Subscription License Agreement

The following terms and conditions constitute GraVoc Associate, Inc.’s  Subscription License Agreement.

1. Definitions

1.1. Licensed Software: The software product or service provided by Licensor under this Agreement, including any updates or modifications.

1.2 Subscription Term: The duration for which Subscriber has use of the Licensed Software.

2. License Grant

2.1 License: Subject to the terms and conditions of this Agreement, Licensor grants Subscriber a non-exclusive, non-transferable license to use the Licensed Software during the Subscription Term solely for Subscriber's internal business purposes.

2.2 Restrictions: Subscriber shall not (i) sublicense, distribute, or transfer the Licensed Software to any third party; (ii) reverse engineer, decompile, or disassemble the Licensed Software; (iii) modify, adapt, or create derivative works based on the Licensed Software; (iv) use the Licensed Software for any unlawful purpose or in violation of any applicable laws or regulations.

3. Subscription Fees

3.1 Fees: Subscriber agrees to pay Licensor the applicable subscription fees as set forth in the pricing schedule provided by Licensor.

3.2 Payment Terms: Subscription fees are due monthly in advance unless otherwise agreed upon by the parties.

4. Term and Termination

4.1 Term: This Agreement shall commence on acceptance of the license herein and continue for the Subscription Term unless terminated earlier in accordance with this Agreement.
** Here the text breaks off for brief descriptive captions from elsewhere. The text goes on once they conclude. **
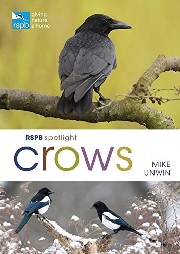 crows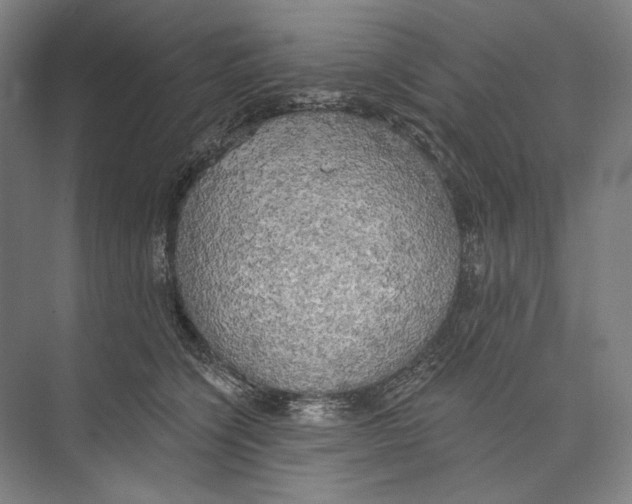 X0000071910564200608041412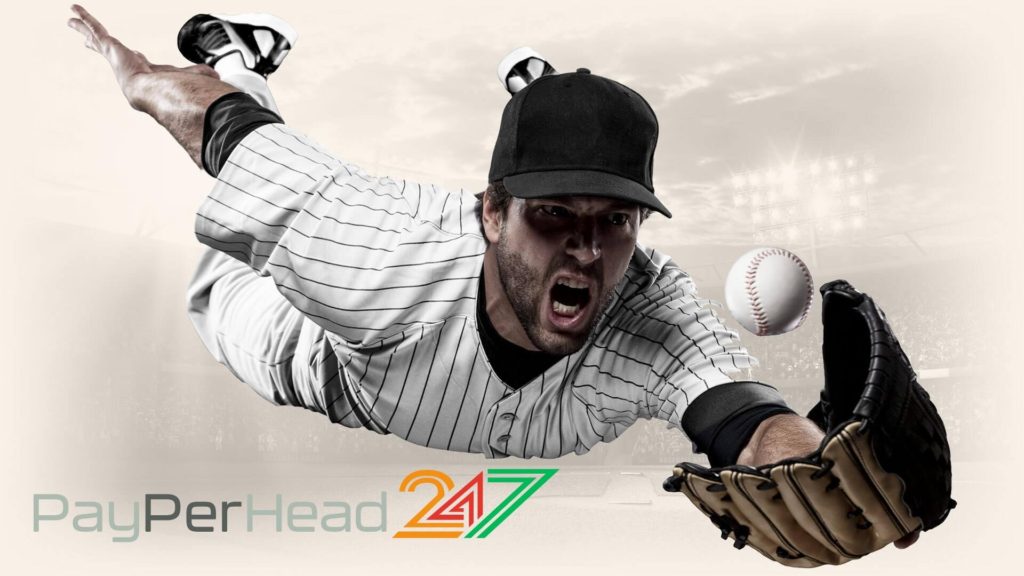 PayPerHead 247 MLB Odds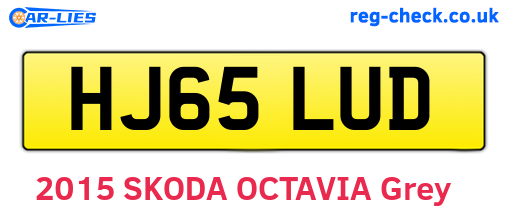 HJ65LUD are the vehicle registration plates.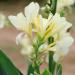 Canna White Flower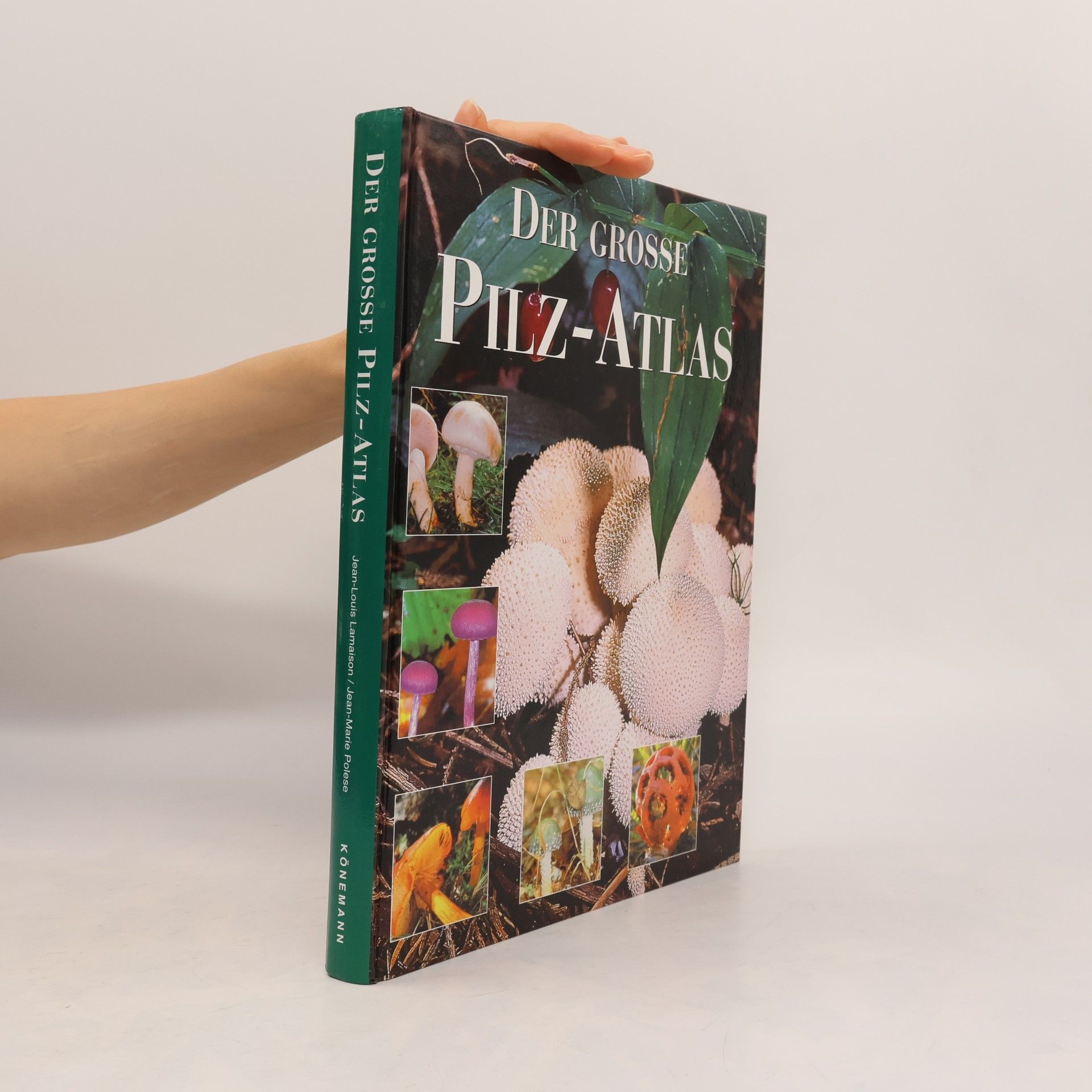 Marten Brandt Der große Pilz-Atlas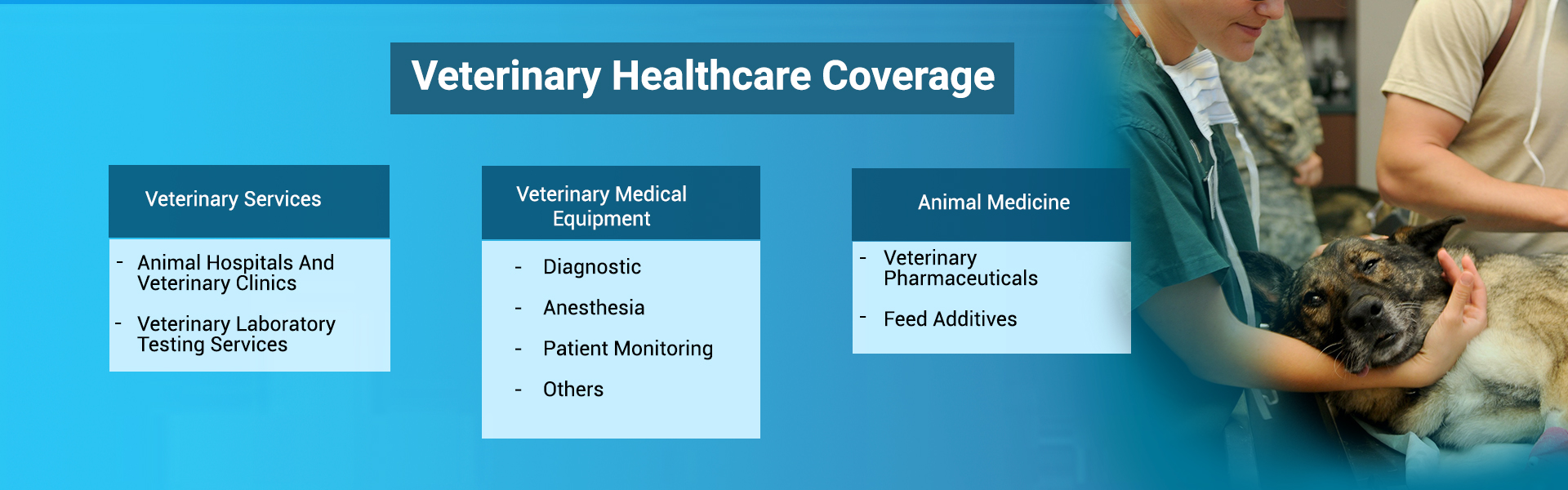 Veterinary Healthcare Services Market Research Coverage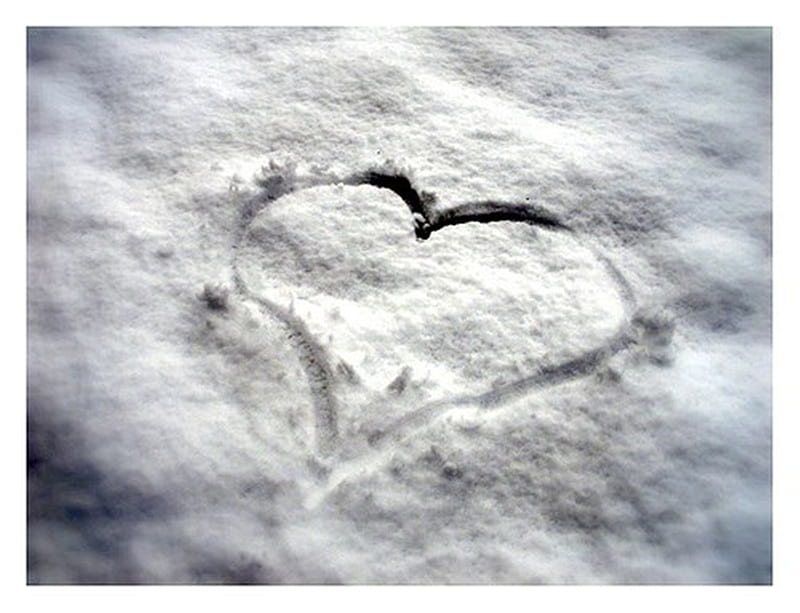 Love in winter, love, heart, nature, season, winter, HD wallpaper | Peakpx
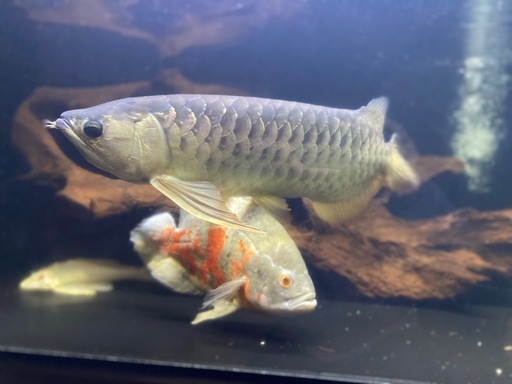 引き取り限定　ゴールデンアロワナ　目測50cm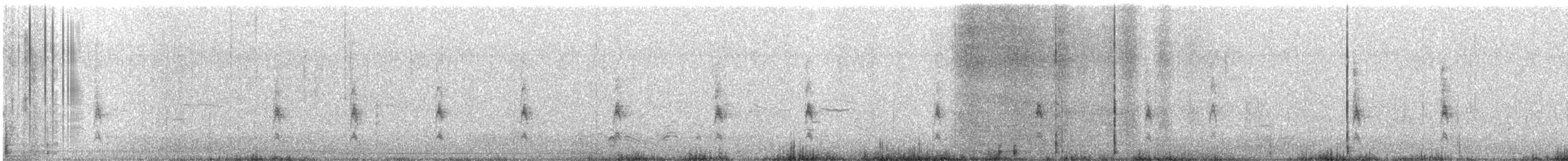 Song Sparrow - ML645315254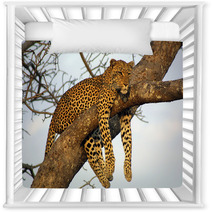 Lazy Lounging Leopard Nursery Decor 225789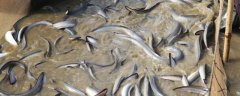 鳗鱼养殖条件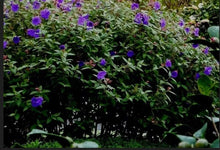 Load image into Gallery viewer, Athens Blue Princess Glory Bush Plant~~Tibouchina urvilleana~Small Starter Plant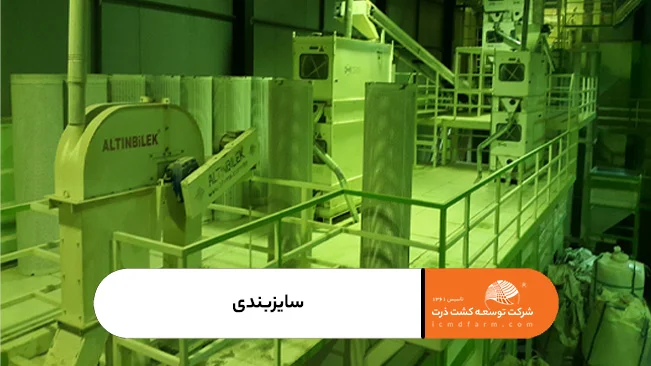 سایزبندی بذر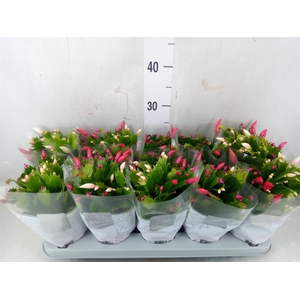 Schlumbergera  'Flame Duo' .mix pot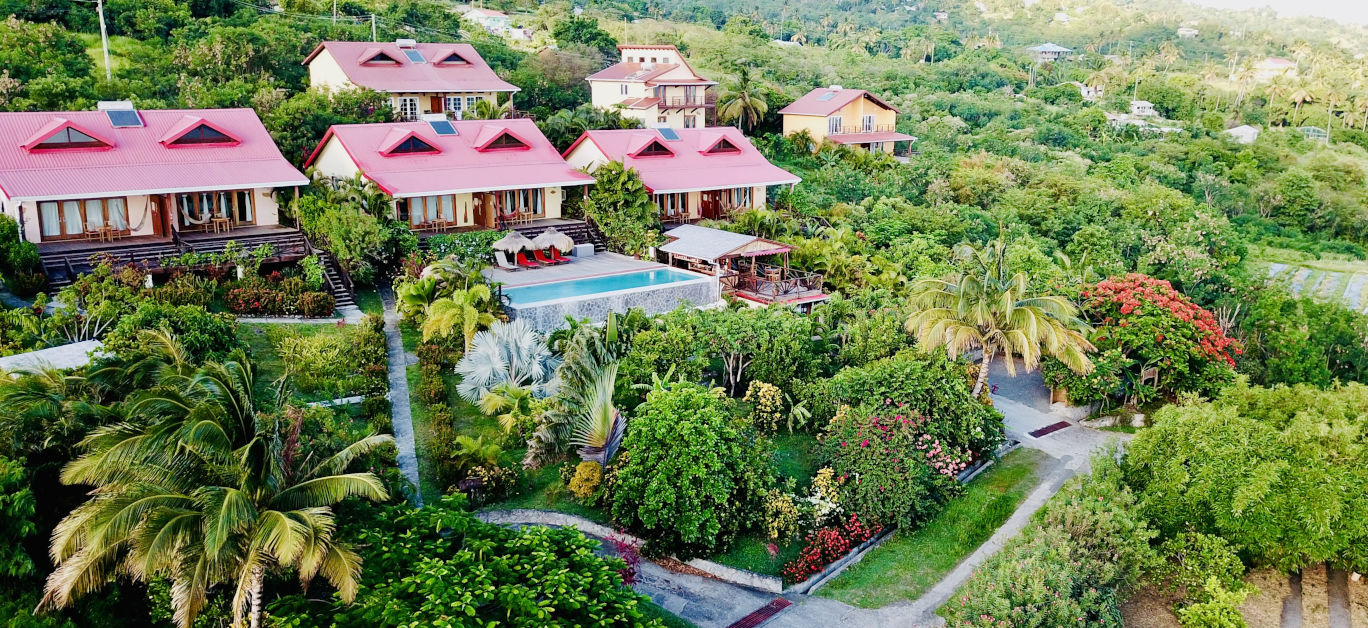 tet rouge st lucia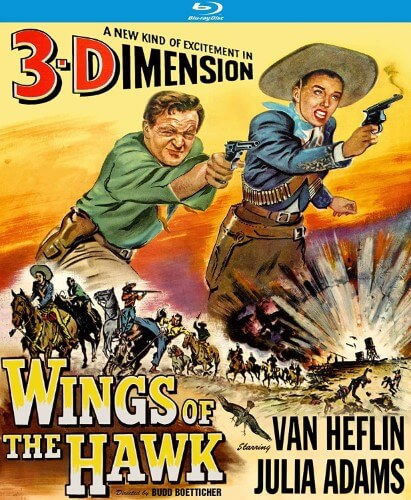 Wings of The Hawk 3D
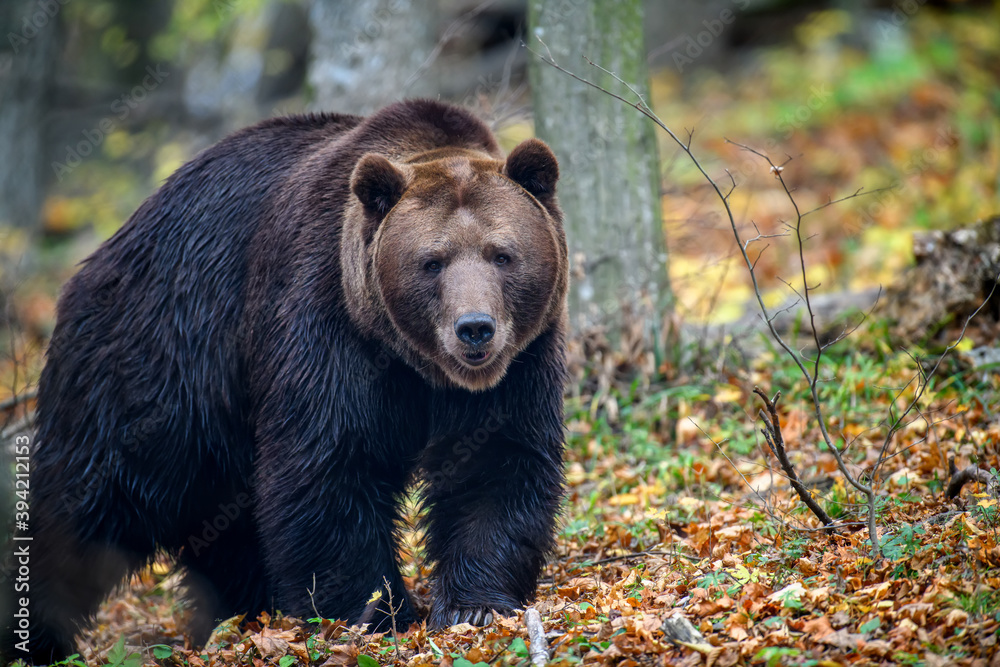 Close-up brown bear in autumn forest. Danger animal in nature habitat. Big mammal Close-up brown bear in autumn forest. Danger animal in nature habitat. Big mammal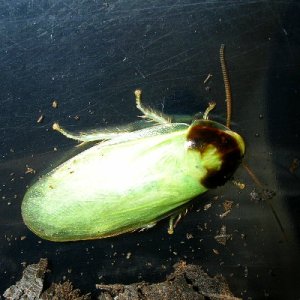 Panchlora.jpg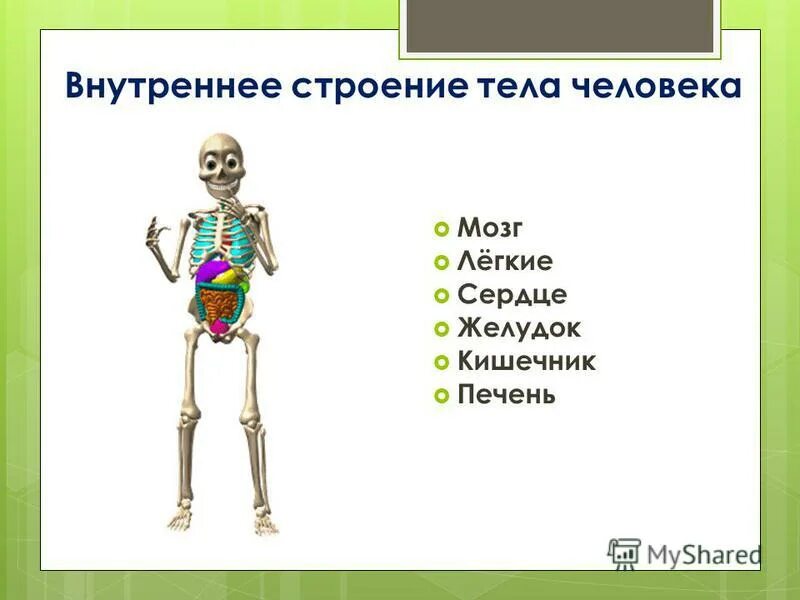 Человек 4 класс окружающий мир с названиями. Строение человека. Строение тела человека. Модель внутреннее строение тела человека. Внешнее и внутреннее строение человека.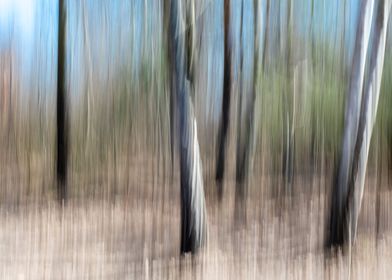 Abstract panning wood tree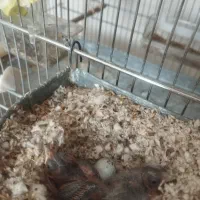 جوجه سهره قناری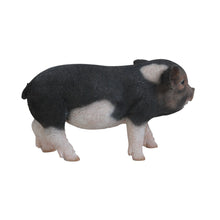 Load image into Gallery viewer, 87769-B - PIG - STANDING BABY PIG - DARK BROWN
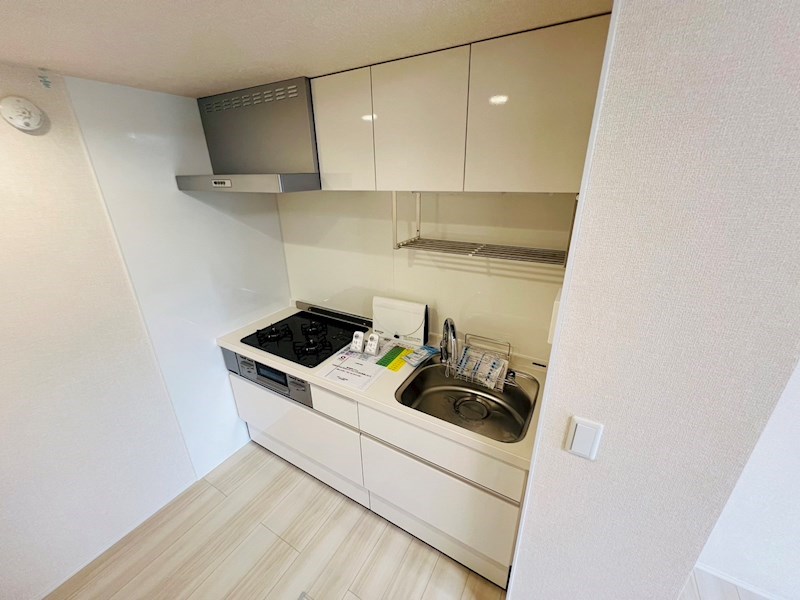 Ferro Pino その他22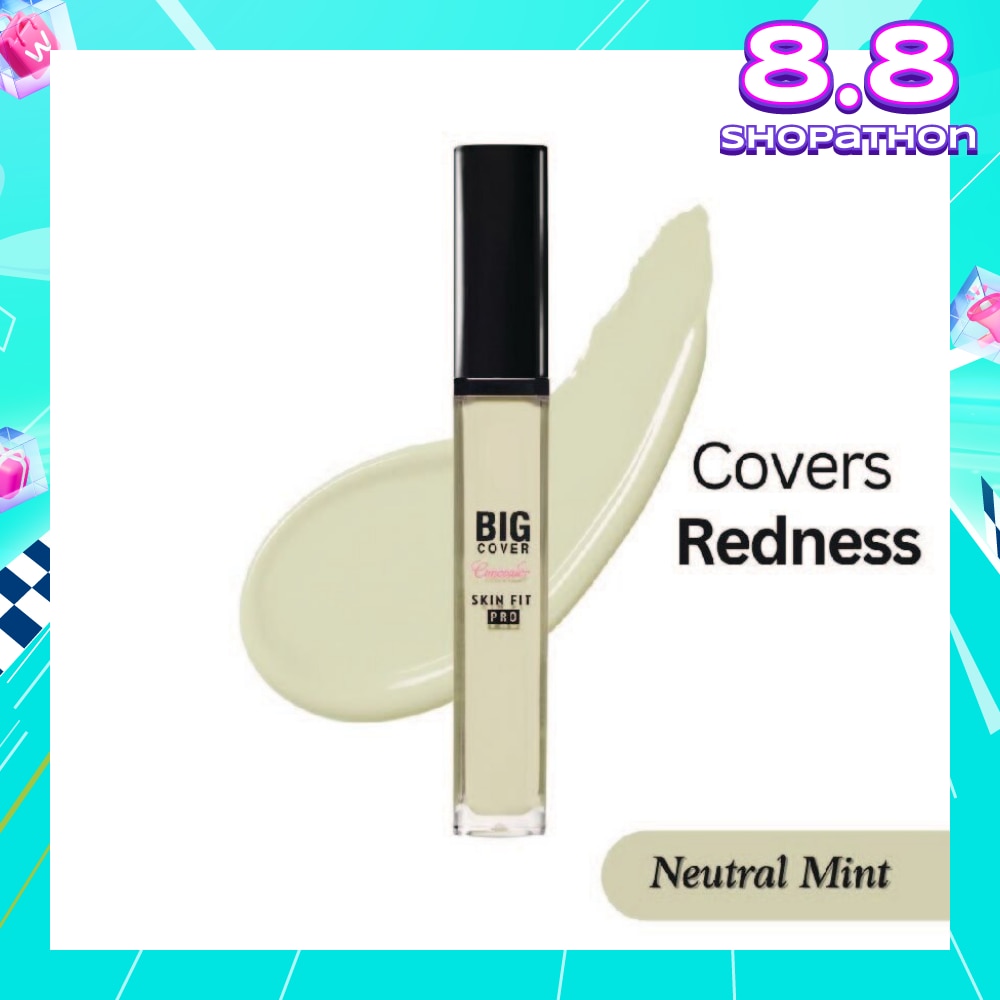 Big Cover Skin Fit Concealer Pro-Neutral Mint 7g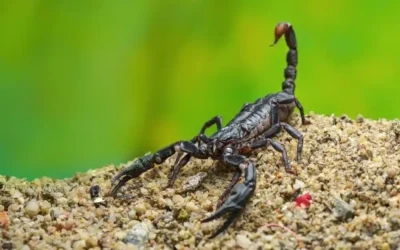 Preço da dedetização de escorpiões: como funciona?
4.2 Termination: Either party may terminate this Agreement upon written notice if the other party breaches any material term of this Agreement and fails to cure such breach within 30 days after receipt of written notice thereof.

5. Confidentiality

5.1 Confidential Information: Each party may have access to certain confidential information of the other party. Confidential Information shall be kept confidential and not disclosed to any third party without the disclosing party's prior written consent.

6. Limitation of Liability

6.1 Limitation: In no event shall either party be liable for any indirect, incidental, consequential, special, or punitive damages, including without limitation, damages for loss of profits, data, or use.

7. Miscellaneous

7.1 Governing Law: This Agreement shall be governed by and construed in accordance with the laws of Massachusetts

7.2 Entire Agreement: This Agreement constitutes the entire agreement between the parties regarding the subject matter hereof and supersedes all prior or contemporaneous agreements, understandings, negotiations, and discussions, whether oral or written.